Dataset Management with CLI and SDK

In this tutorial, we are going to manage the CIFAR dataset with clearml-data CLI, and then use ClearML's Dataset class to ingest the data.

Creating the Dataset

Downloading the Data

Before we can register the CIFAR dataset with clearml-data, we need to obtain a local copy of it.

Execute this python script to download the data

from clearml import StorageManager

manager = StorageManager()
dataset_path = manager.get_local_copy(
remote_url="https://www.cs.toronto.edu/~kriz/cifar-10-python.tar.gz"
)
# make sure to copy the printed value
print("COPY THIS DATASET PATH: {}".format(dataset_path))

Expected response:

COPY THIS DATASET PATH: ~/.clearml/cache/storage_manager/global/f2751d3a22ccb78db0e07874912b5c43.cifar-10-python_artifacts_archive_None

The script prints the path to the downloaded data. It will be needed later on.

Creating the Dataset

To create the dataset, execute the following command:

clearml-data create --project dataset_examples --name cifar_dataset

Expected response:

clearml-data - Dataset Management & Versioning CLI 
Creating a new dataset:
New dataset created id=ee1c35f60f384e65bc800f42f0aca5ec

Where ee1c35f60f384e65bc800f42f0aca5ec is the dataset ID.

Adding Files

Add the files we just downloaded to the dataset:

clearml-data add --files <dataset_path>

where dataset_path is the path that was printed earlier, which denotes the location of the downloaded dataset.

note

There's no need to specify a dataset_id, since the clearml-data session stores it.

Finalizing the Dataset

Run the close command to upload the files (it'll be uploaded to ClearML Server by default):

clearml-data close 

This command sets the dataset task's status to completed, so it will no longer be modifiable. This ensures future reproducibility.

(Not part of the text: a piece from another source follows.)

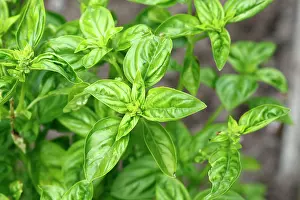 Basil: Basil - leaves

Information about the dataset can be viewed in the WebApp, in the dataset's details panel. In the panel's CONTENT tab, you can see a table summarizing version contents, including file names, file sizes, and hashes.

Dataset content tab

Using the Dataset

Now that we have a new dataset registered, we can consume it.

The data_ingestion.py example script demonstrates using the dataset within Python code.

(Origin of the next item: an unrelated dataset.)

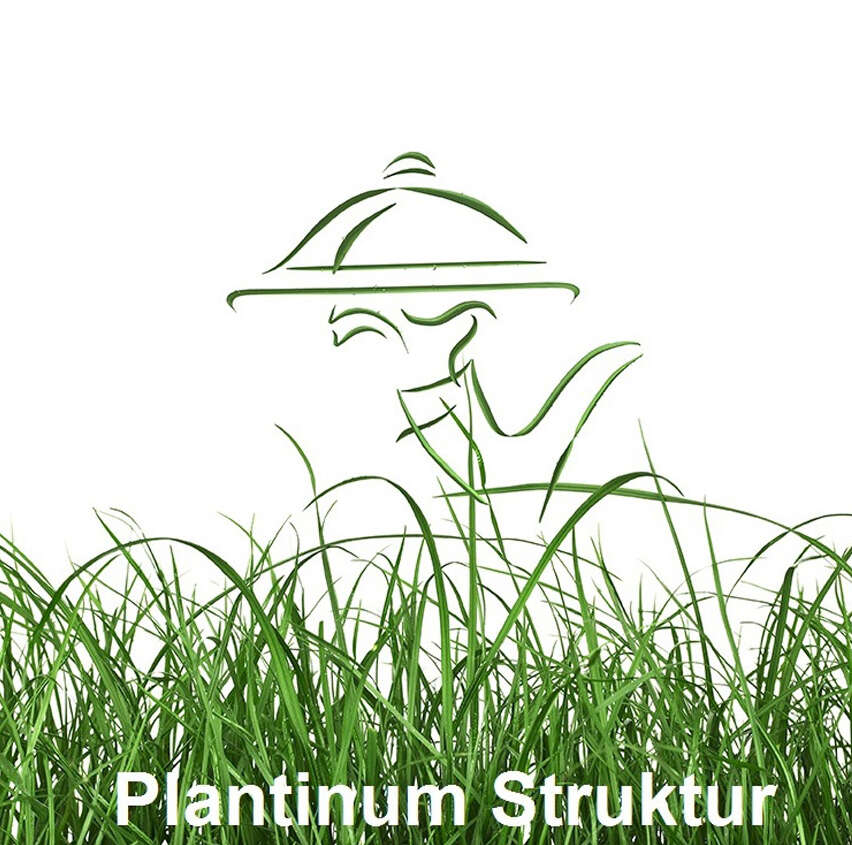 Logo Plantinum Struktur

dataset_name = "cifar_dataset"
dataset_project = "dataset_examples"

from clearml import Dataset

dataset_path = Dataset.get(
dataset_name=dataset_name,
dataset_project=dataset_project).get_local_copy()

trainset = datasets.CIFAR10(
root=dataset_path,
train=True,
download=False,
transform=transform
)

The Dataset's get_local_copy method will return a path to the cached, downloaded dataset. Then we provide the path to Pytorch's dataset object.

The script then trains a neural network to classify images using the dataset created above.